WORK REQUIRED -> Your reply should set down word for word each line below from the one with "Chief Statistician Lennox" through the final line, both included, but none of the pictures.
===============
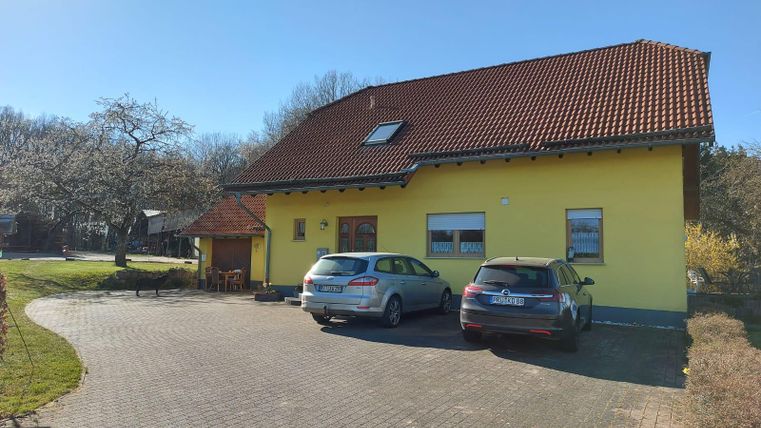 Een geel huis met een rood dak staat aan een geplaveide oprit. Twee auto's staan geparkeerd voor het gebouw, omgeven door groene natuur.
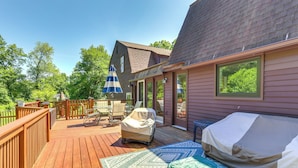Eine Terrasse mit Gartenmöbeln, einem überdachten Grill und Blick auf die Umgebung.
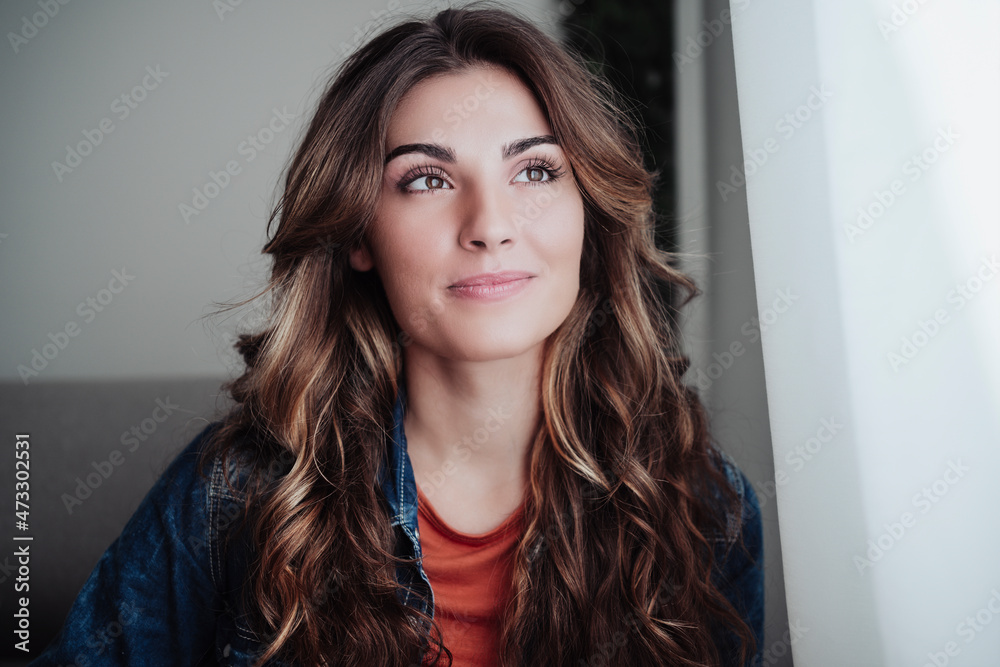 Beautiful woman with long hair contemplating by window at home Beautiful woman with long hair contemplating by window at home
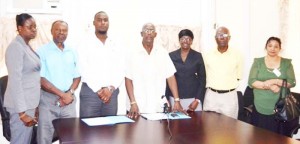 Chief Statistician Lennox Benjamin (center), Managing and Technical Director of Project design and Construction Inc, Aubrey Changlee, (to Benjamin’s left) and other senior members of the Bureau of Statistics following the contract signing.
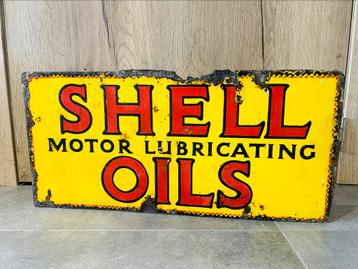 Plaque émaillée réclame bord émail vintage oil Shell huile  disponible aux enchères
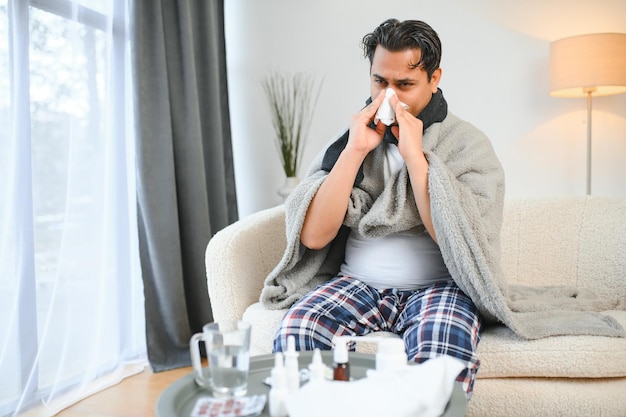 Foto conceptos de salud y gente enfermo joven indio con manta con dolor de cabeza o fiebre en casa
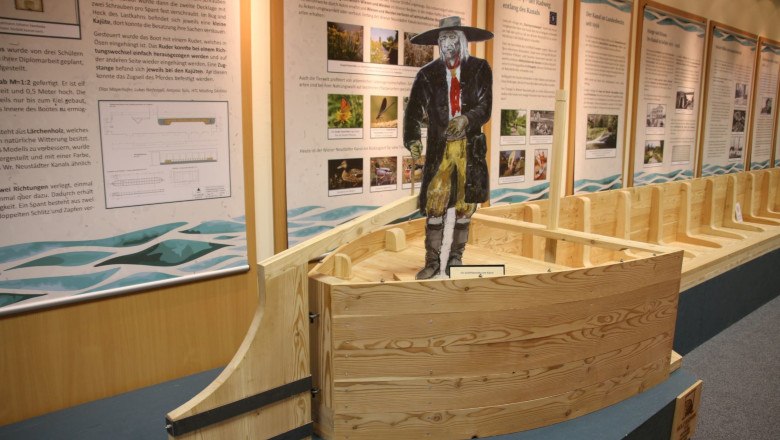 Ausstellung im Museum Traiskirchen mit Holzboot und Figur eines Mannes in traditioneller Kleidung.
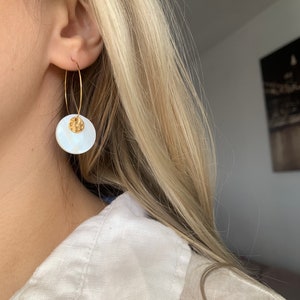 May include: Gold hoop earrings with a white shell pendant. The shell has a textured surface and a gold accent.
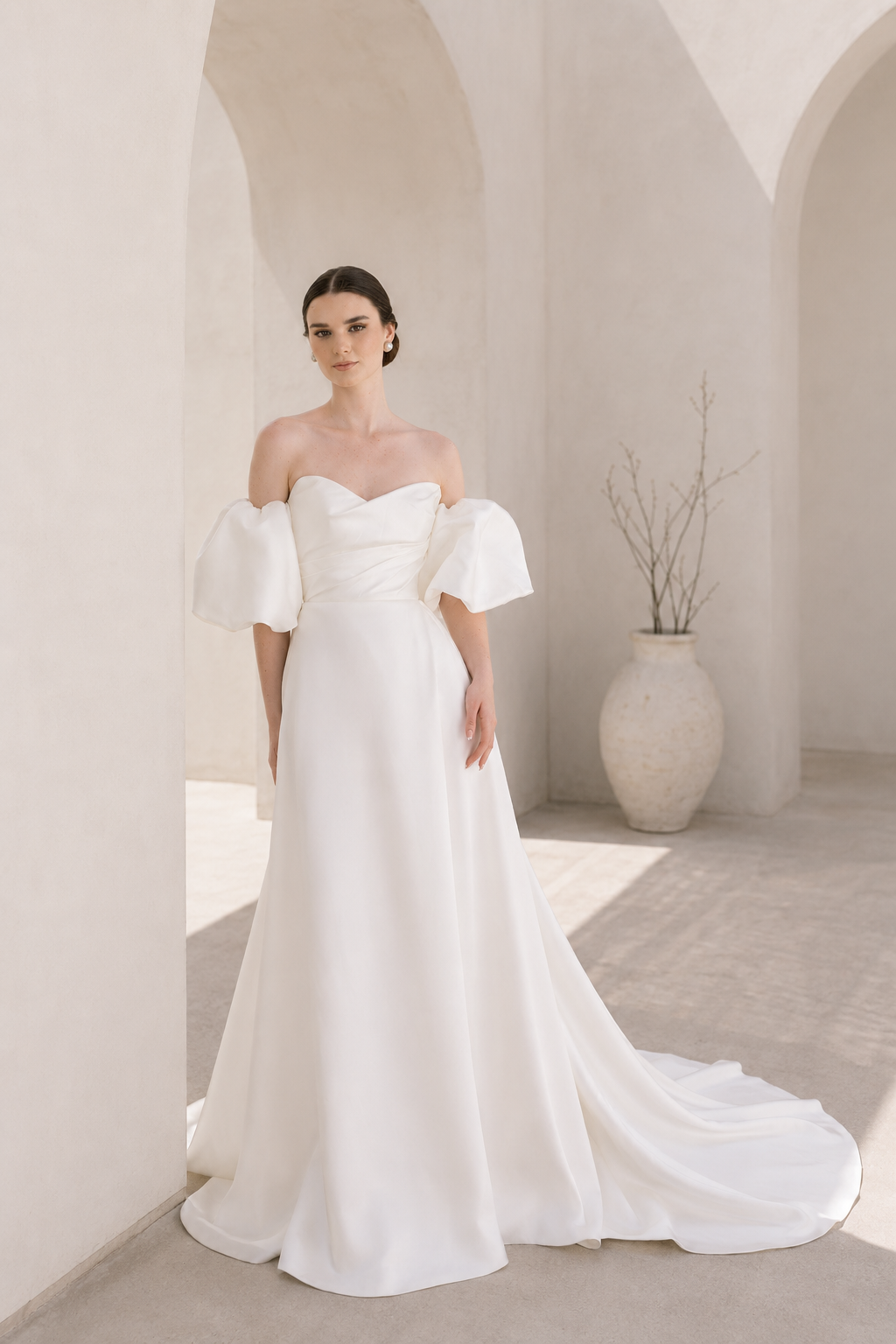 Heston wedding dress with puff sleeves, fitted bodice and satin skirt with leg split.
===============
FINAL ANSWER ->
 Chief Statistician Lennox Benjamin (center), Managing and Technical Director of Project design and Construction Inc, Aubrey Changlee, (to Benjamin’s left) and other senior members of the Bureau of Statistics following the contract signing.
 Plaque émaillée réclame bord émail vintage oil Shell huile  disponible aux enchères
 Foto conceptos de salud y gente enfermo joven indio con manta con dolor de cabeza o fiebre en casa
 Ausstellung im Museum Traiskirchen mit Holzboot und Figur eines Mannes in traditioneller Kleidung.
 May include: Gold hoop earrings with a white shell pendant. The shell has a textured surface and a gold accent.
 Heston wedding dress with puff sleeves, fitted bodice and satin skirt with leg split.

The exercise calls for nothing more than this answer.